The meteor which birthed the Blood Bull, and the Bull's subsequent campaign of slaughter, went relatively unnoticed through the wider world. Eyes would not drift to the new Chaos Champion and the growing warband of Khornate mamono (and even a human hero or two) that joined as the Blood Bull's campaign of slaughter progressed. Not until the Bull had been rampaging for weeks.
Because the Khornate escape pod which freed Taurica from the Demon Lord's chains of corruption was the second such pod to land on the world that was once part of a popular Aeldari tourism chain of resort planets.
And the first had already made quite the splash.
---
DOOM. DOOM. DOOM, rang the bells attached to the two Plague Doctors' carapaces.
"It's been quite a while we've been walking, hasn't it, brother?" Brother Bubonitrox said cheerfully, as the very sound of his armor's bells ringing made the plantlife around him wither and die.
"Why, yes it has, brother," Brother Arsenicus agreed merrily, his bloated, rotting innards letting out a burst of toxic gas through his rectum so potently vile that it broke through his armor's decayed seals to kill everything behind him, reducing already brown and rotting greenery to dust.
"Do you think this planet is uninhabited?" Bubonitrox asked. "Since we've had so little luck finding people?"

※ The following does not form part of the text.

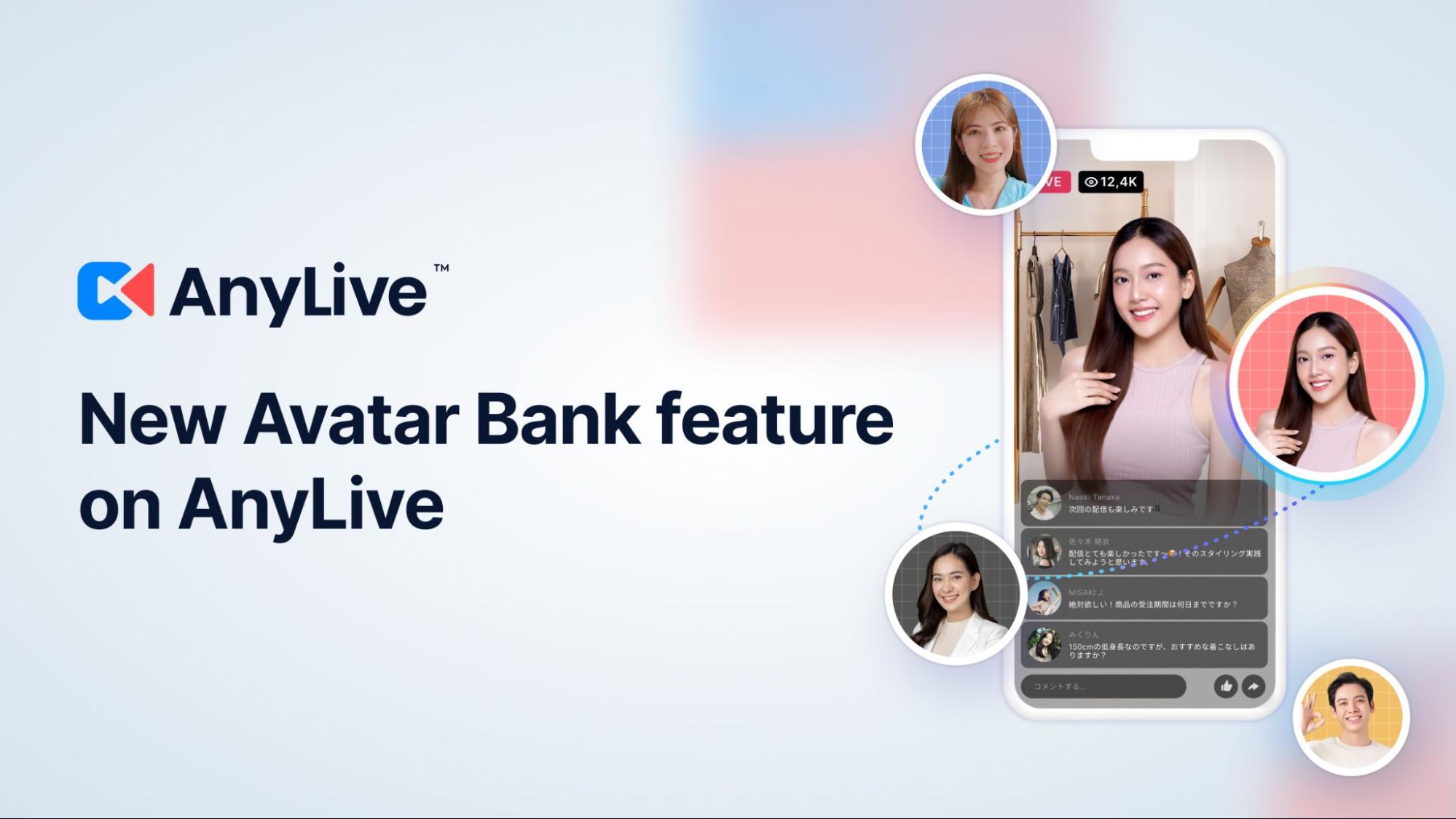 Avatar Bank trên nền tảng AnyLive: Giải pháp mới giúp tiết kiệm thời gian & chi phí AI livestream.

"Have faith, brother, have faith!" Arsenicus said with a merry chuckle. "Grandfather provides!"
As he spoke, another bird made the mistake of coming too close, and some of the chuckling Plague Doctor's foul-smelling, molasses-like saliva droplets landed in the poor bird's eye. It began to desperately fly away as fast as possible, unknowingly carrying the diseases of Nurgle along with it to the wider world, as so many birds had before it.
"I suppose that that's true enough, brother," Bubonitrox agreed. "Nurgle provides." Then, he stopped. "Why, brother, do you hear what I hear?"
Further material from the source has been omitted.